Pétain, Henri Philippe (1856–1951), a French army officer. Pétain became a national hero during World War I for his successful defense of the key fortress of Verdun. In 1940, following the fall of France, Pétain signed an armistice with the Germans and assumed dictatorial powers as head of the pro-Axis Vichy regime. He died in disgrace.

Pétain graduated from the military academy of Saint-Cyr in 1878. At the outbreak of World War I he was a colonel, but rose in rank rapidly. In 1916 he took command of French forces defending Verdun against a German offensive. Despite 350,000 casualties, the French held the citadel, vowing "They shall not pass!"

In 1917, Pétain was made commander in chief of the French army, then on the verge of mutiny. Pétain managed to restore order within a month. In 1918 he led the French to victory, under the Allied supreme commander, Marshal Foch. He was made a marshal in late 1918.

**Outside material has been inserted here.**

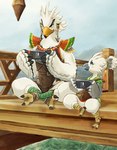 angry anthro armor blue_eyes braided_pseudo_hair duo feather_hands feathers male rito_village sitting white_body white_feathers wings yellow_eyes young young_anthro sheep_riritoto nintendo nintendo_switch tears_of_the_kingdom the_legend_of_zelda teba_(tloz) tulin_(tloz) avian bird rito father_(lore) father_and_child_(lore) father_and_son_(lore) parent_(lore) parent_and_child_(lore) parent_and_son_(lore) son_(lore)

Pétain was vice president of the supreme war council, 1920–30, and inspector general of the army, 1922–31. He was elected to the French Academy in 1929 and was war minister in 1934. During 1939–40 he was ambassador to Spain.

In 1940 Pétain was appointed vice president of the government council and a minister of state. He opposed moving the government into exile when the fall of France became apparent, and was appointed premier on June 16 at the age of 84. The armistice that he signed placed Germany in occupation of most of the country. Pétain formed a government at Vichy and proclaimed himself chief of state.

Pétain's regime was authoritarian and subservient to Germany. He and his premier, Pierre Laval, issued anti-Semitic laws, turned political refugees over to the Nazis, and allowed the deportation of Frenchmen to work in German factories. When the Germans occupied all France in November, 1942, Pétain, by then quite senile, became little more than a puppet.

Pétain was tried in 1945, and found guilty of collaboration with the enemy. He was condemned to death, but President de Gaulle commuted the sentence to life imprisonment. Pétain died at the age of 95.